LLOYD CARR, HYPOCRITE
So I'm reading the blog of a fellow Wolverine http://mgoblog.blogspot.com/, and come across these quotes from Lloyd Carr (in response to night games and the addition of a 12th game on the schedule):
"Money … we need to make more money," Carr said, not disguising his sarcasm. "Let's play more games and let's make sure the players are available to play any time, any night, 24/7."
"I think we've gone down that road and there never will be a return unfortunately," Carr said. "I think the 12th game was just the first of what's going to be a continued growth…we're turning into a professional sport."
Well here's the thing Lloyd: it's always been a professional sport--as far as you're concerned anyway.
See, Lloyd Carr is a millionaire. Many times over. Many, many times over. Now I don't know where his (undoubtedly considerable) net worth puts him--other than "way the fuck above you", dear reader; but I do know making $1.4M a year puts you in the top 1/10 of 1% of earners in America. So what we have is an extraordinarily wealthy man bemoaning the greedy cesspool of capitalism run rampant that, you know, made him richer than 99.9% of the rest of the country.

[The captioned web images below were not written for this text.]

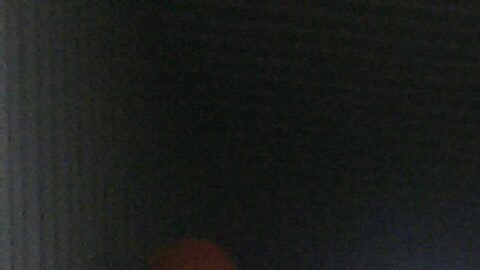 BOLIVIA COMPRA LECHE A UNA EMPRESA PRIVADA PARA EXPORTARLA A VENEZUELA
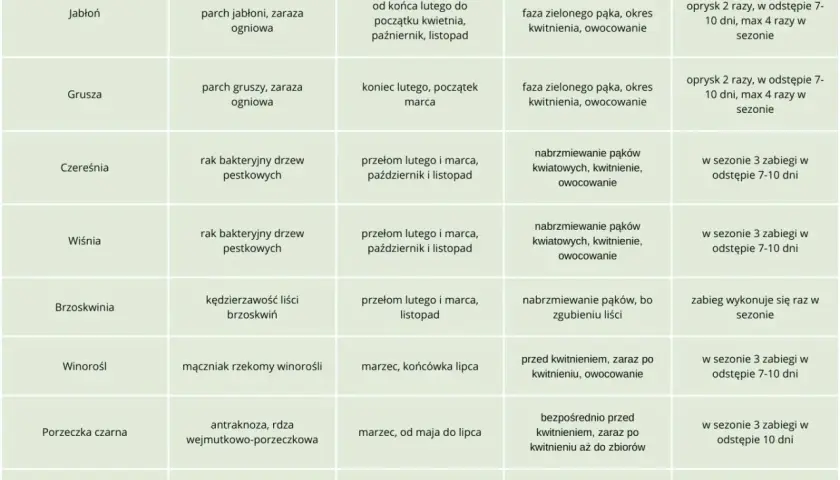 Tabela z terminami oprysków miedzianem na choroby drzew owocowych: jabłoni, gruszy, czereśni, wiśni, brzoskwini, winorośli, porzeczki czarnej i borówki amerykańskiej.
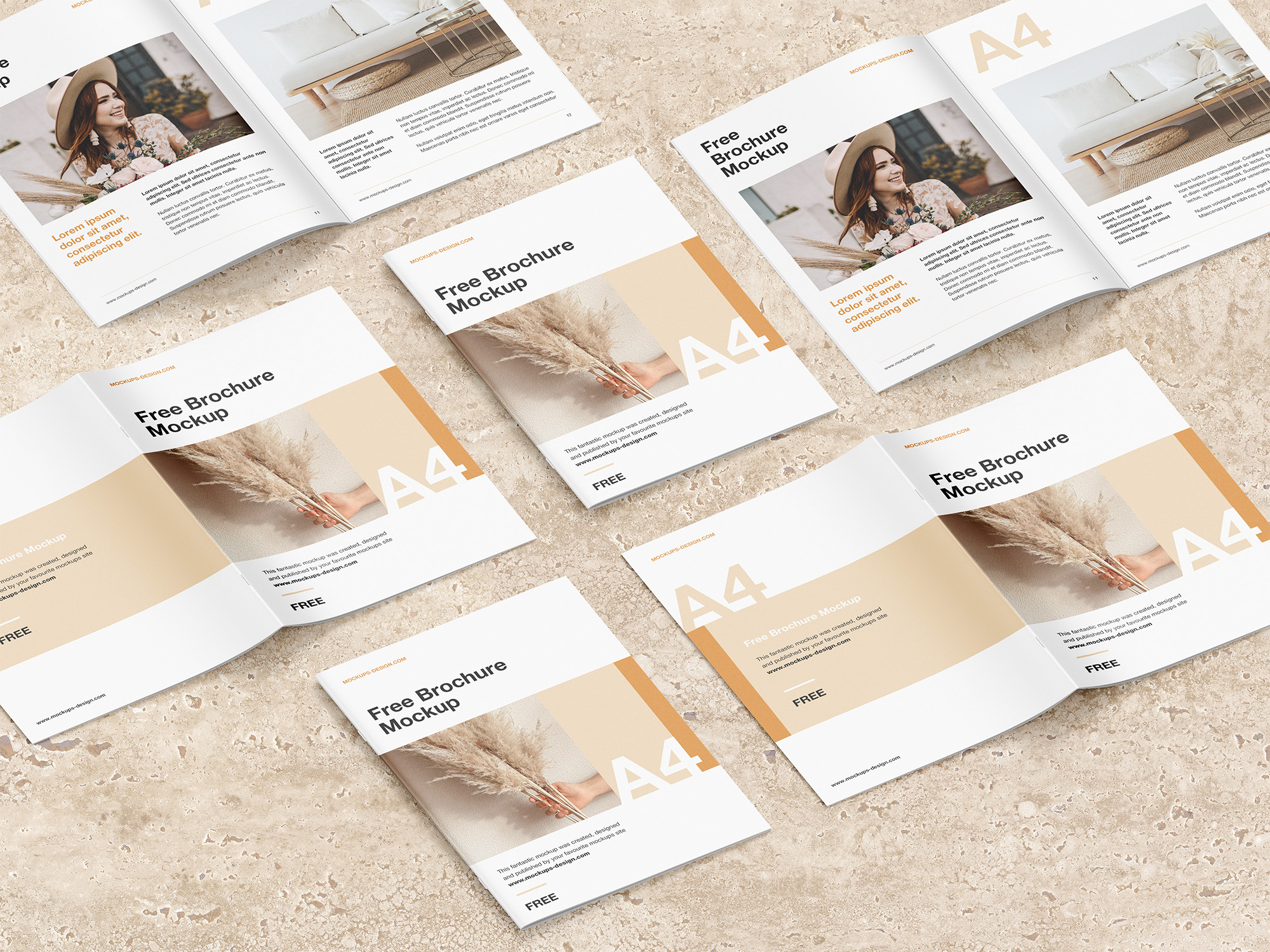 Beispielbild von Broschüren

So my question to Lloyd is this: If you're so upset about the amount of money NCAA football is collectively trying to make, then what is the "correct" amount of commercialism, what's the "correct" amount of revenue? Is it the amount where you get to make tens of millions of dollars in your career...and right there, hold it, stop! That's enough! Anything more than that is a moral outrage! It's sickening! We're turning into (snort)...a professional sport!
Yeah, "we" are.
(Aside: Hey, why do we even have professional coaches anyway? Why not have student volunteers? You know, the way we have student "volunteer" football players? It obviously would make for worse football (although perhaps not in Michigan's case), just like having student volunteer players makes for worse football, but at least that would restore the purity and amateurism Carr so obviously yearns for. Nah, on second thought, let's keep it the way it is: force young black guys to uphold the highest and noblest ideal in sports, if not all of life itself--amateurism--while old white guys get insanely rich).

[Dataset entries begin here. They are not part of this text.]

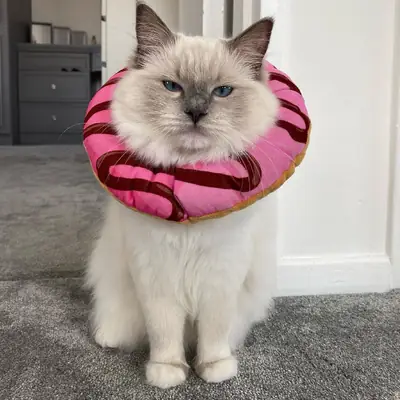 🏆GCCF REG. EXTENSIVELY TESTED RAGDOLL KITTENS 🌟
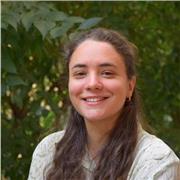 Dottoranda in Matematica offre ripetizioni in Matematica e Fisica con esperienza pregressa di insegnamento privato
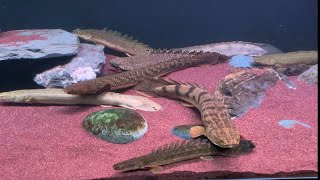 Bichir Tank Update 2021 [upl. by Kironde697]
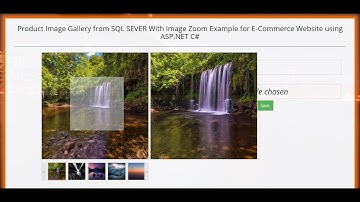 Product Image Gallery from SQL SEVER With Image Zoom Example for E-Commerce Website using ASP.NET c#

I don't begrudge Lloyd Carr one dollar of what he's made (especially on Milton Friedman Day). You know me, I'm a big fan of unfettered capitalism. I'm going to buy a goddamn felt pennant with the words "UNFETTERED CAPITALISM" on it, that's how much of a fan I am. Good for him that he cashed in, good for him that he's richer than christ. I have no problem with that.
What I do have a problem with is a hypocrite like him crying about the greed, commercialism and big money in college football that he himself has profited off of so handsomely. He never had a problem in the world with any of that when he was getting his million dollar paychecks, but now that someone's asking him to play--shudder--a *night game*, well, let the sanctimonious moral outrage spew forth like so many USC touchdowns.
Look, if Lloyd wanted to coach football in a pure, pristine, amateur paradise, he always could have chosen to do that--there are many Division III colleges out there, community colleges, high schools, junior high schools, pee-wee leagues (where his soft zones might have a chance). Nobody's making any money there, nobody's a slave to the TV schedule, big donors aren't calling the shots in the football program, nobody's making a mockery out of the educational mission of the school--oh yeah, and the coach gets paid twenty grand a year...but with unlimited usage of the laundry facilities and one free dinner a week at the Applebee's over by the interstate.
Huh? What's that, Lloyd? Wha? You--you say you're fine where you are? You're good?
Yeah, I thought so. So SHUT THE FUCK UP about money ruining college football. It's astonishing that the only individual person making serious coin in college football--a head coach at Football Factory U.--thinks he has claim to the moral high ground with respect to college football becoming too money-driven. Now maybe there's a good point to be made there, but Lloyd Carr just isn't the one with the standing to make it. It'd be like Robert Nardelli going on the warpath about incompetent CEOs getting ridiculous golden parachutes.